What to work on = When the line containing "Kawasaki GTR - 2" is found in the data below, give it again along with every later line, exactly; drop the pictures.

Data provided =
*** Begin section ***
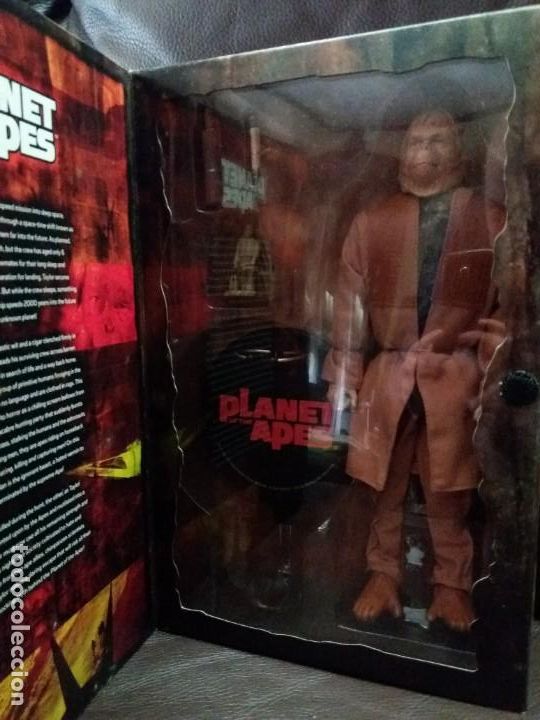 Figuras de acci&oacute;n: PLANETA DE LOS SIMIOS. FIGURA DR ZAIUS 30 CM SIDESHOW - Foto 3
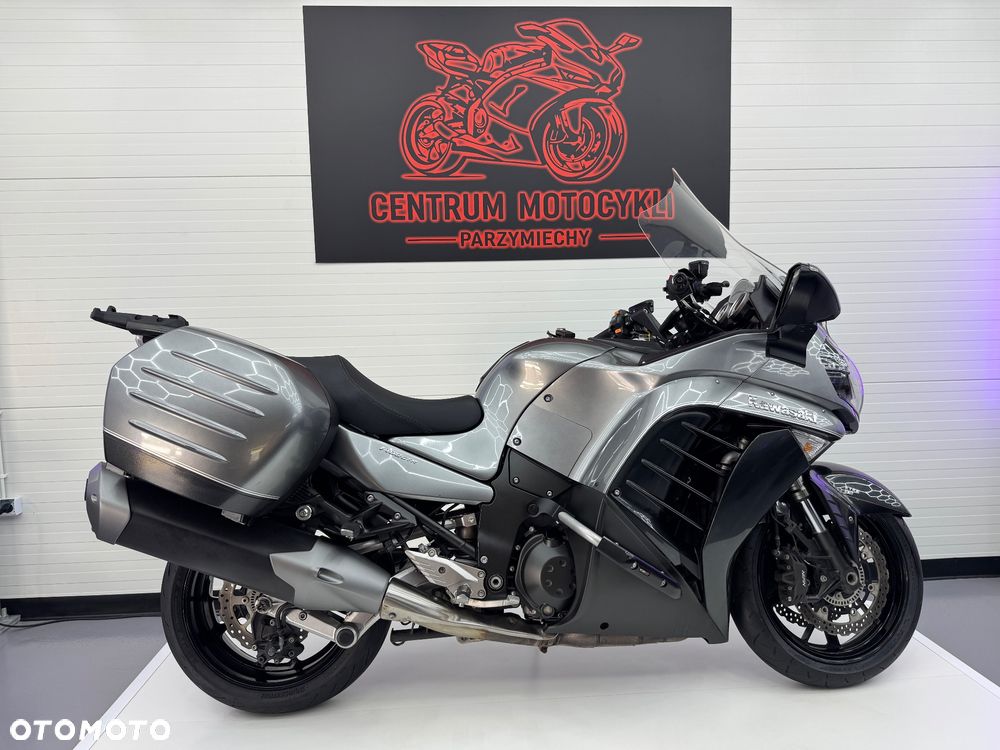Kawasaki GTR - 2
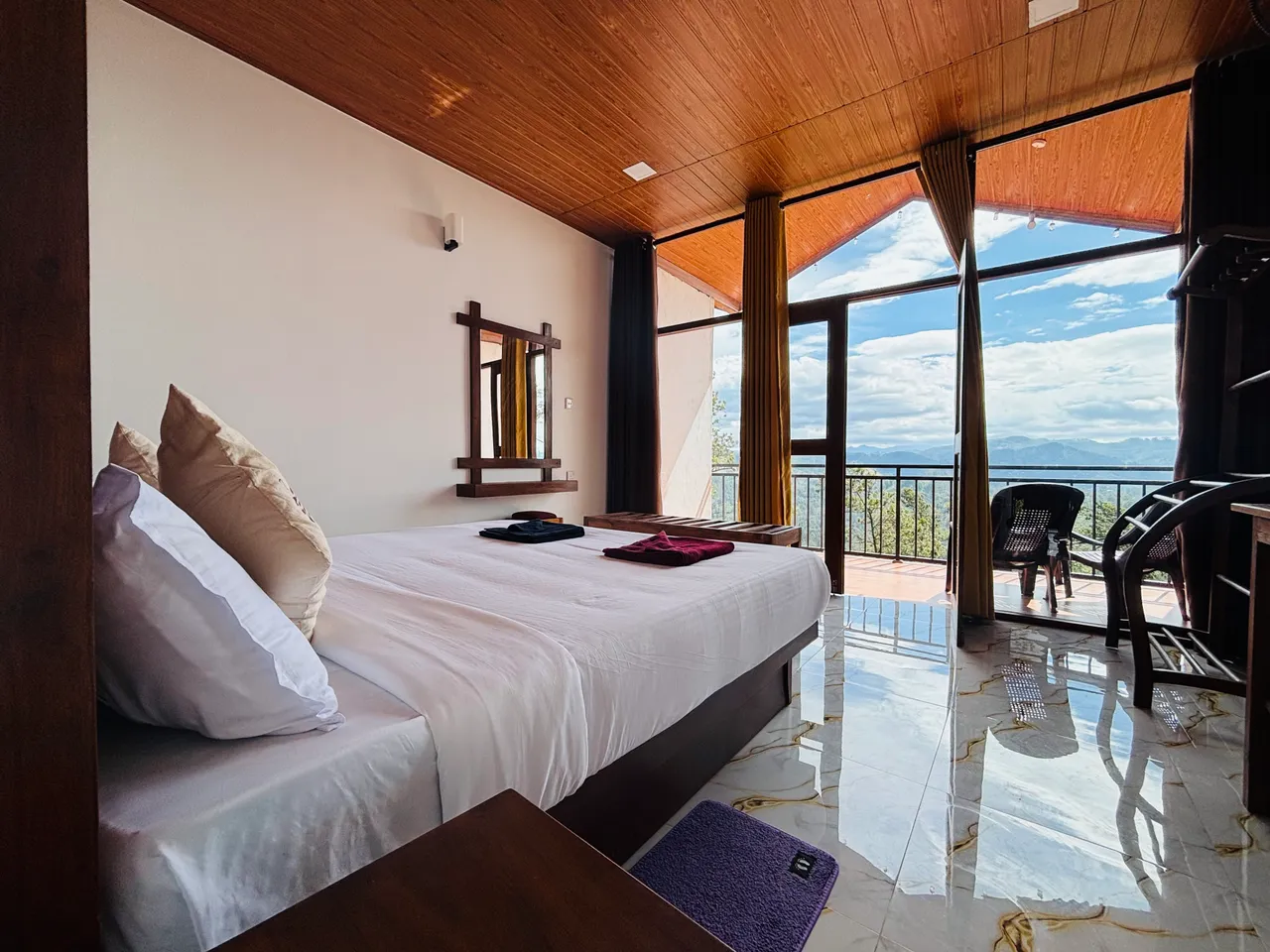 Deluxe Double Room with Balcony - Ella Mountain Palace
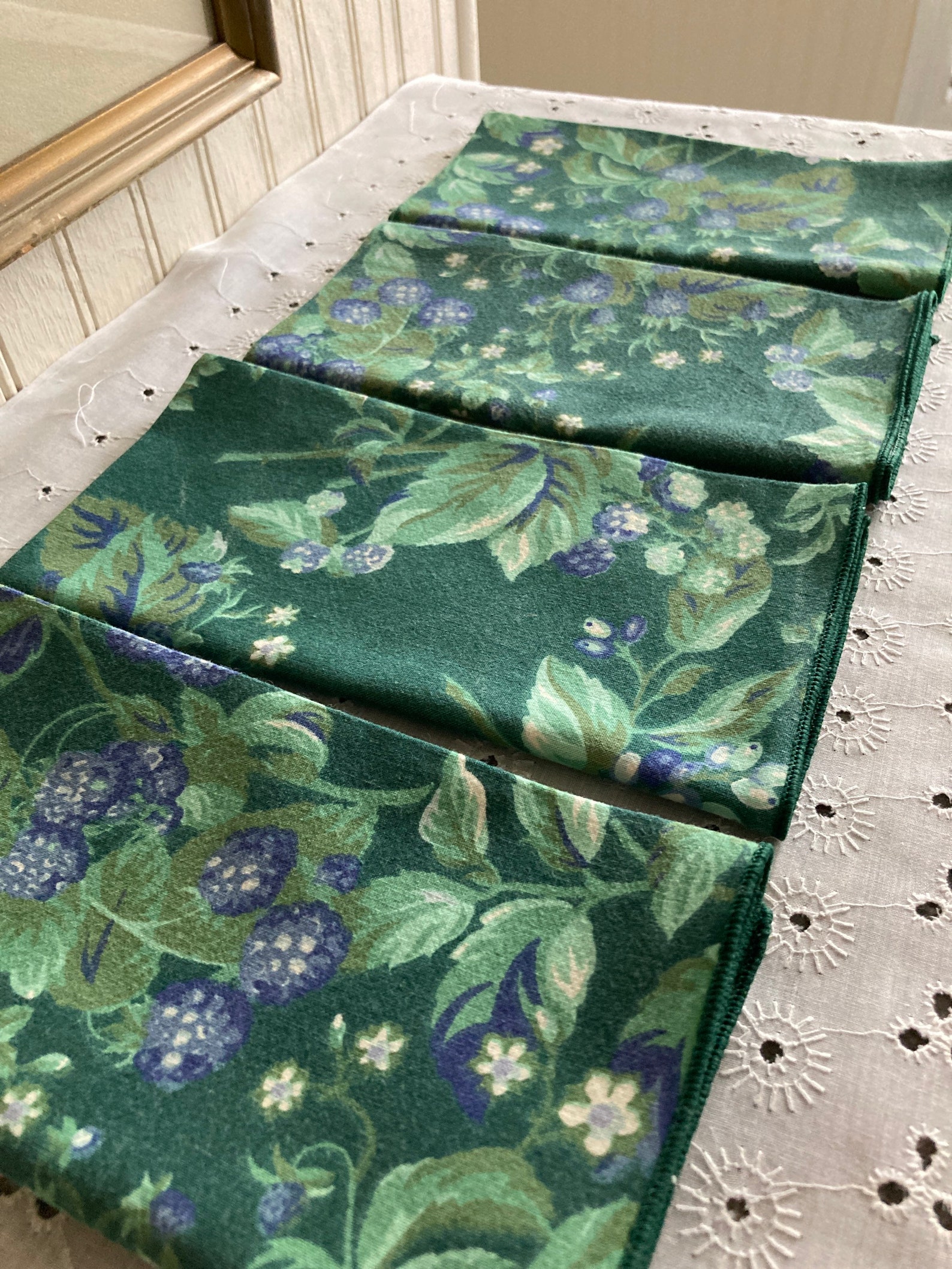 Laura Ashley Cloth Napkins /vintage Cloth Napkin Set/shabby Etsy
*** End section ***
Output for this exercise =
Kawasaki GTR - 2
 Deluxe Double Room with Balcony - Ella Mountain Palace
 Laura Ashley Cloth Napkins /vintage Cloth Napkin Set/shabby Etsy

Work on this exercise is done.